WHAT YOU ARE ASKED TO DO: Copy, word for word, the lines below from the one containing "Genç ve güzel" up to and including the one containing "Photo of Teenage", with pictures left out.

DATASET CONTENT:
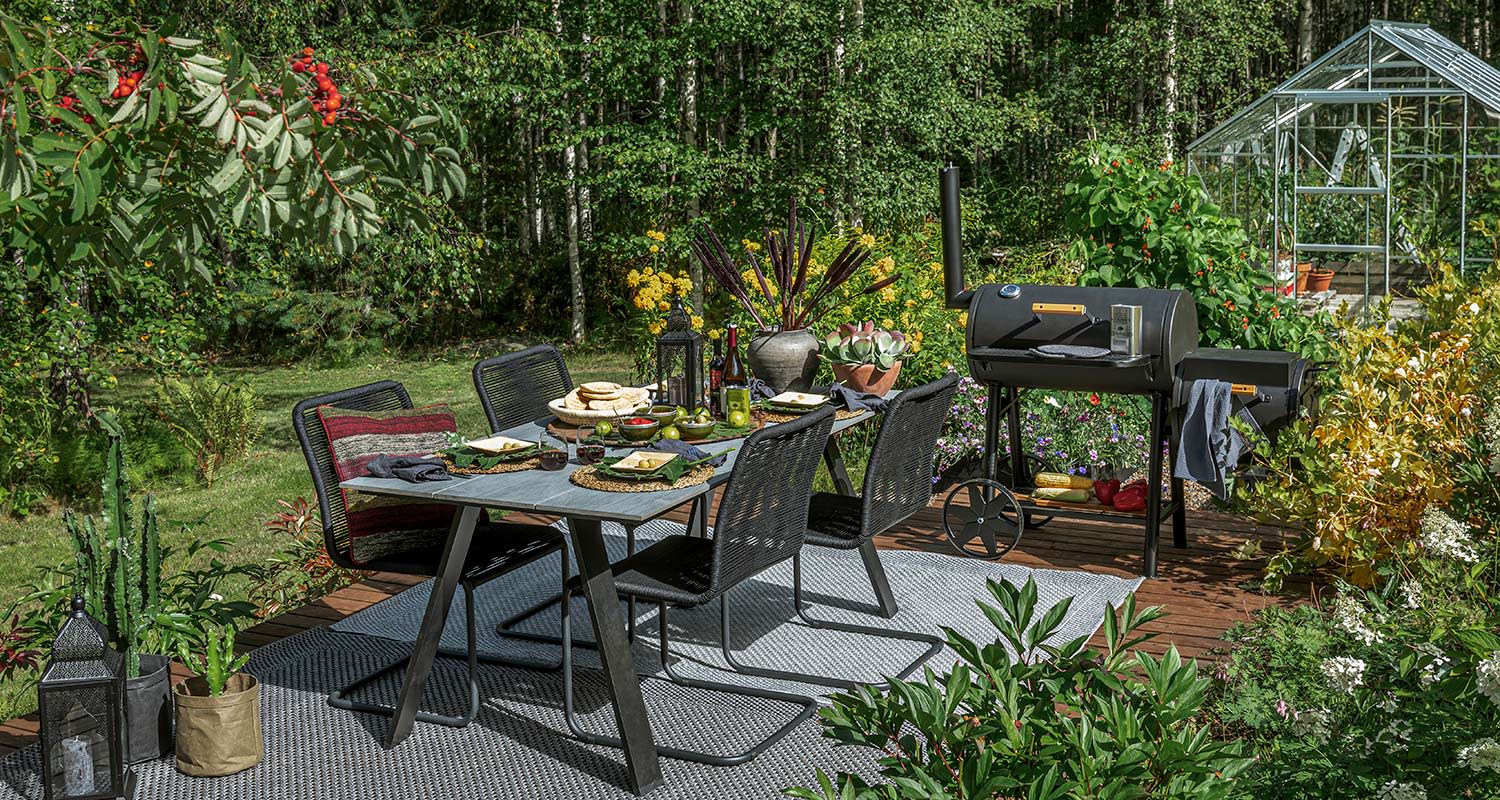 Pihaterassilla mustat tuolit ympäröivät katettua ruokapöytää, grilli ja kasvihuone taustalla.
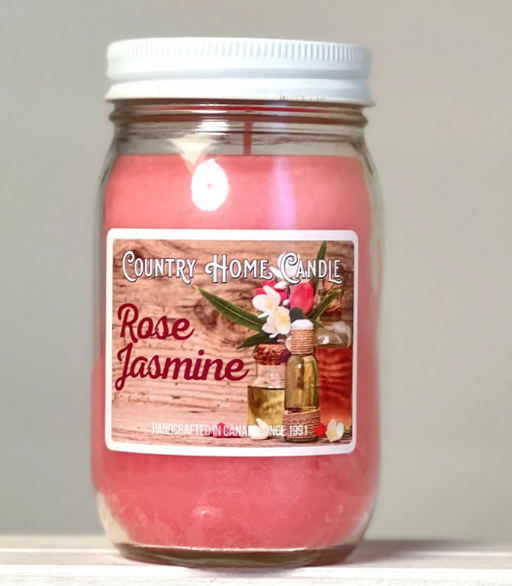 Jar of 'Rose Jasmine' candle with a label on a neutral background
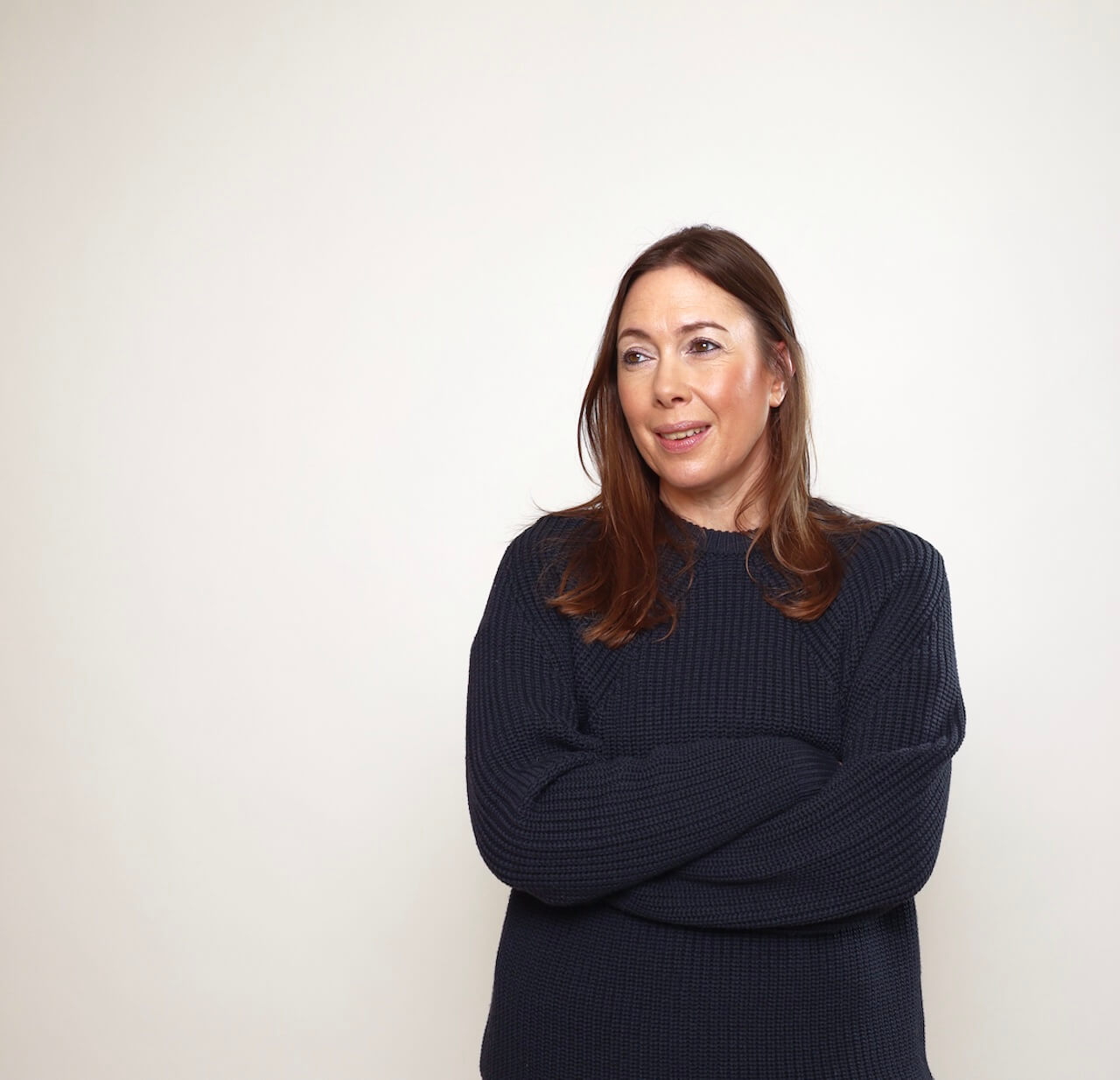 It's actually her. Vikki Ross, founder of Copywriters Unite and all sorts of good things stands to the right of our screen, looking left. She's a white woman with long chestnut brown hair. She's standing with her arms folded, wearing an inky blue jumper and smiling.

--

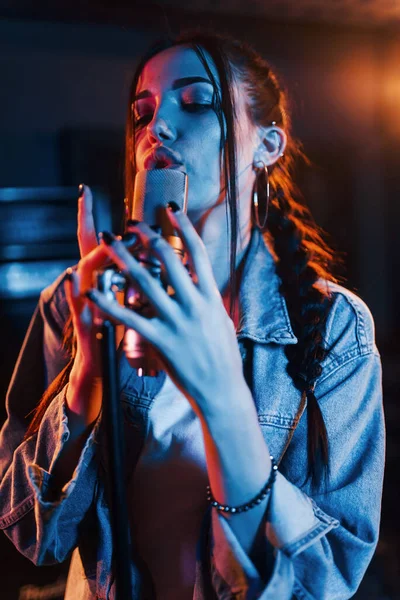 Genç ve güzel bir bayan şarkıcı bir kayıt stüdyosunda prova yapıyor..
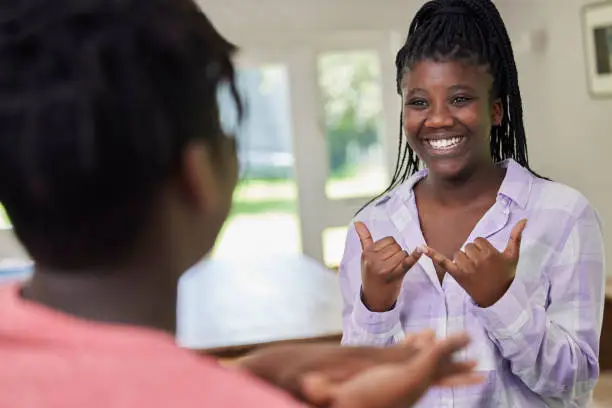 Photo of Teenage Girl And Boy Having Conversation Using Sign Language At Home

WORKED SOLUTION:
 Genç ve güzel bir bayan şarkıcı bir kayıt stüdyosunda prova yapıyor..
 Photo of Teenage Girl And Boy Having Conversation Using Sign Language At Home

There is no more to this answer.